We will visit Qumran, an ancient site along the Dead Sea during a 14 day trip to the Holy Land in May 2018. This is the village of the Essenes and the place where a shepherd boy found the first of the Dead Sea Scrolls. The settlement has a long and interesting history and has influenced our faith in many ways.
Qumran sits near the Dead Sea. It is an isolated location, far from Jerusalem and the populated areas of Israel. The men who moved to Qumran did so to get away from multitudes of people, what they felt was a corrupted priesthood and to avoid foreigners who were influencing the Israelites in wrong ways. Philo wrote “They flee the cities and live in villages where clean air and clean social life abound. They either work in the fields or in crafts that contribute to peace.”
The people who lived in Qumran were a monastic sect called the Essenes. Philo described them in this way, “They do not hoard silver and gold and do not acquire great landholdings; procuring for themselves only what is necessary for life. Thus they live without goods and without property, not by misfortune, but out of preference. They do not make armaments of any kind.
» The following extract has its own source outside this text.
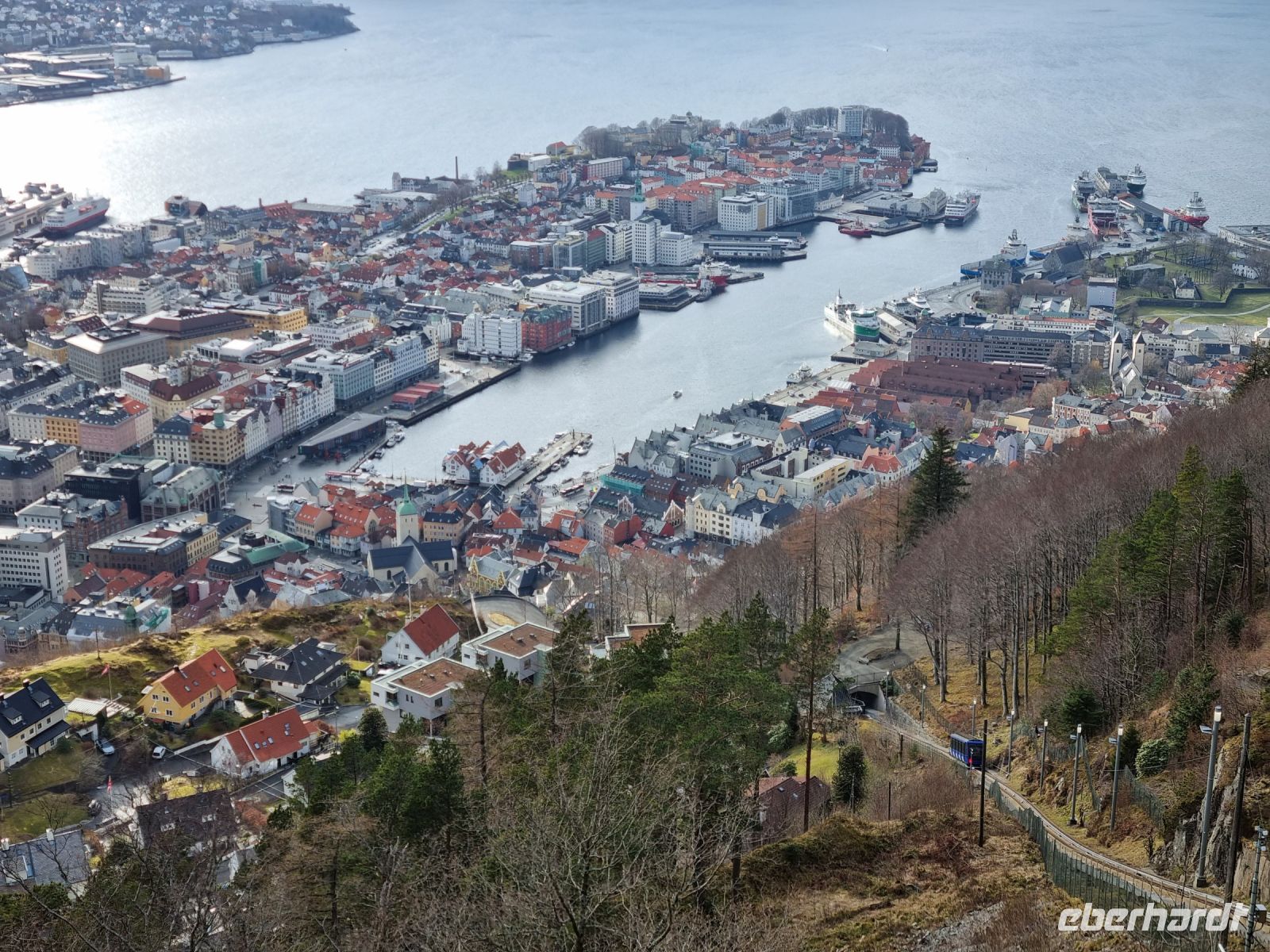 Bergen - Ausblick vom Hausberg Fløyen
They do not keep slaves and detest slavery. … With respect to philosophy, they dismiss logic but have an extremely high regard for virtue. They honor the Sabbath with great respect over the other days of the week. They have an internal rule which all learn, together with rules on piety, holiness, justice and the knowledge of good and bad.”
Pliney the Elder wrote, “To the west (of the Dead Sea) the Essenes have put the necessary distance between themselves and the insalubrious shore. They are a people unique of its kind and admirable beyond all others in the whole world; without women and renouncing love entirely, without money and having for company only palm trees. Owing to the throng of newcomers, this people is daily reborn in equal number; indeed, those whom, wearied by the fluctuations of fortune, life leads to adopt their customs, stream in in great numbers. Thus, unbelievable though this may seem, for thousands of centuries a people has existed which is eternal yet into which no one is born: so fruitful for them is the repentance which others feel for their past lives!"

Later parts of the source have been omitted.